He tells how he had to track down the various autograph manuscripts, music in Offenbach’s own hand, dispersed in various branches of Offenbach’s descendants. He rather thrillingly writes of discovering how, “At the back of a ‘magic wardrobe,’ which contained a substantial number of autograph manuscripts, there was a folder labeled, ‘Trébizonde – Fragments et coupures’ (‘Trébizonde-Fragments and cuts’). This is where we found all the numbers dropped as a result of the changes made by the composer and his librettists between Baden-Baden and Paris.”

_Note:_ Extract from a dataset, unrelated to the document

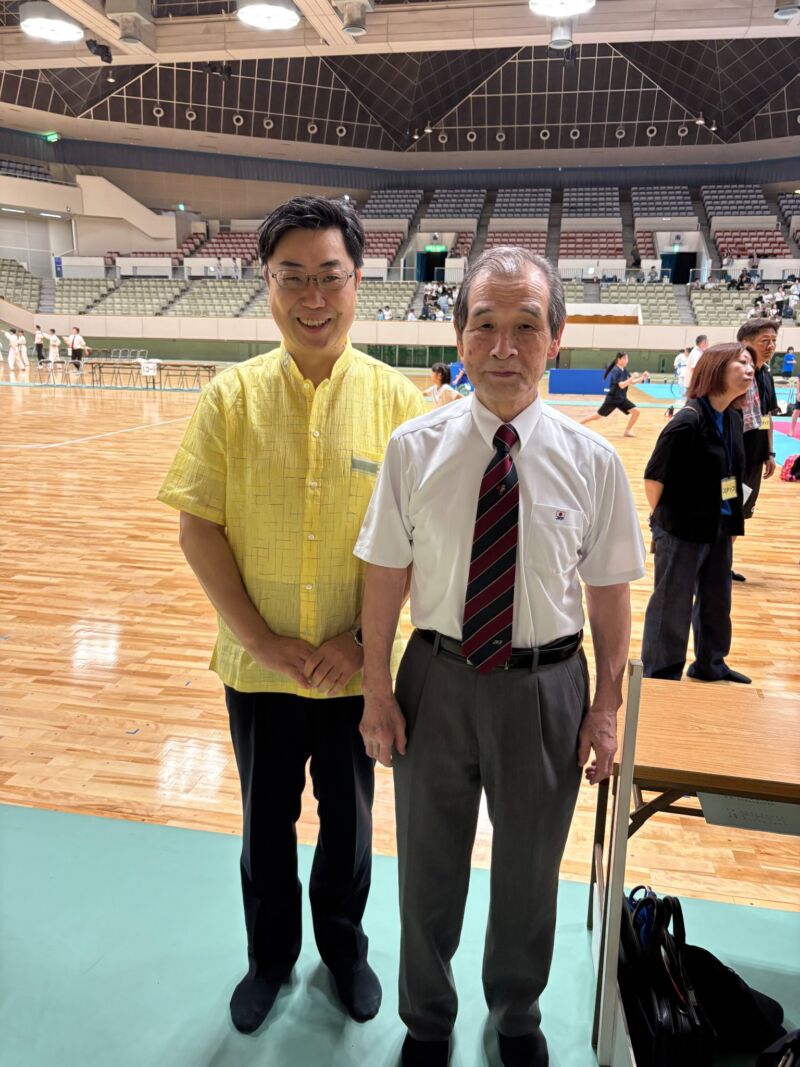 Image for the Tweet beginning: 横山 強会長のもと、第66回北九州市空手道選手権大会が開催。大会参与としてご挨拶。
子どもの足の発達について国会質疑を続けてきた私としては、空手の足さばきに注目。
養武會の林聖京会長、林秀拳師範にも木下幸子先輩とご挨拶。
皆さん、今日は日頃の稽古の成果を存分に発揮して下さい‼押忍！ 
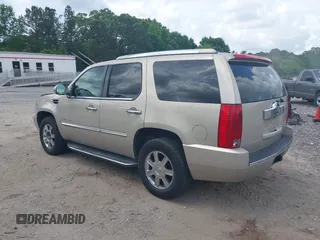 2008 Cadillac Escalade z VIN 1GYEC63868R143876, wystawiony jako IAAI lot #42177747 z przebiegiem 204 770 mil mil oraz . Historia ofert i sprzedaży dostępna na DreamBid. Obrazek 3.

These are now heard for the first time at the end of the CD set. It will also be the first time you will hear those pieces from La Baguette (1862), with words by that immortal duo Meilhac and Ludovic Halévy. To say that it was exciting for me to hear this music is an understatement. (Luckily, I was not expecting anything about the world-famous loaf of bread, or it would have been a let-down.)
Seriously, it is wonderful how Europe’s nooks and crannies are still holding precious things like autograph manuscripts or even full movies that had been considered ‘lost’ and yet turn up periodically in attics or archives. Because of these finds, we are able to hear Trébizonde in a way more authentic than it has been since the days when it was new. And that’s exactly what this marvelous new CD does.

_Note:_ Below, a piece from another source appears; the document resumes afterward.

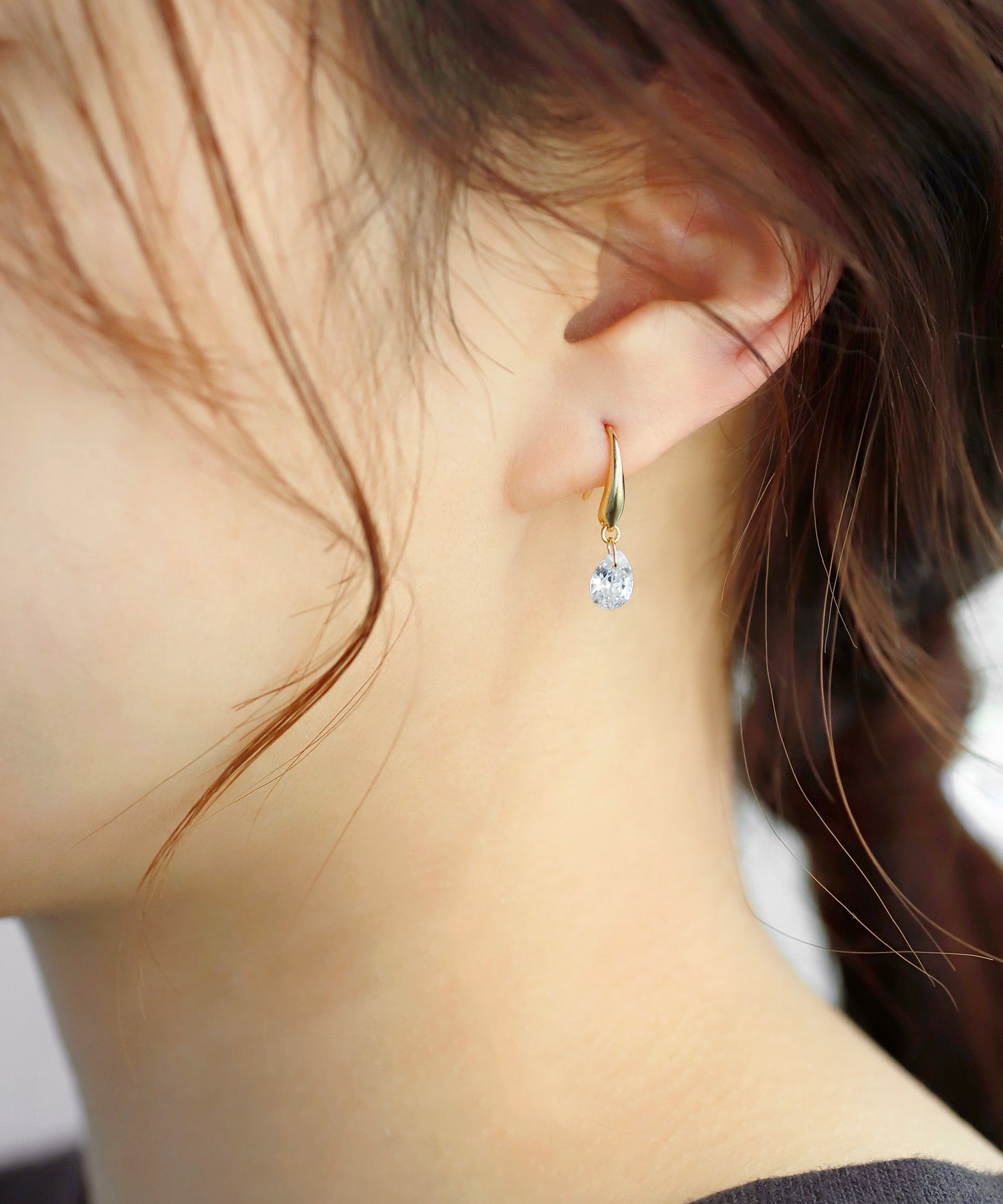 AHKAH ビリーブドロップフックピアス AHKAH ビリーブドロップフックピアス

There’s an old truism that making a poor production takes just as much time and efforts as making a great one. And with the first full recording of something whose glimpses have caused it to be beloved, we hope for the absolute best. When you think of what goes into it all: the right singers singing with the proper style, the orchestra and perhaps most of all the conductor, who sets the tone for the entire enterprise. To use the American expression, “we lucked out” with this, and did so in the extreme.
“Transport You Back to that Heady Night in December, 1869”

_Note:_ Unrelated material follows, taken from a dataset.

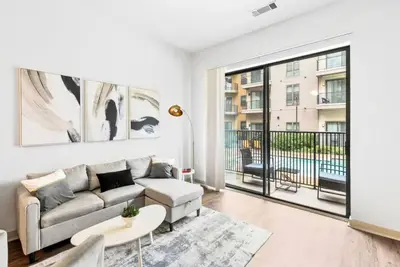 Image de Comfortable 1br with Pool View in City Center 16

Conductor Paul Daniel puts it so very well: In a recording studio with a wall full of microphones, “You often feel a long way from live theatre, where these wonderful characters and crackling orchestra parts really belong. But my ambition throughout or rehearsals and recording sessions was for all of us to be on stage and in the pit, with our audience in the stalls thrilled and excited to see Offenbach’s latest creation. I hope that some of the sensations of those first nights come across. We’ve played as recklessly with the interplay of dialogue and music, and with some of the thrills and spills of the fairground in Offenbach’s extravaganza. We’ve also tried to capture the taut and compact acoustics of the Bouffes-Parisiens. (My emphasis.) What he set out to do, Paul Daniel did. His hopes that his Trébizonde, “Will transport you back to that heady night in December, 1869” have been fulfilled (as far as it is possible, of course).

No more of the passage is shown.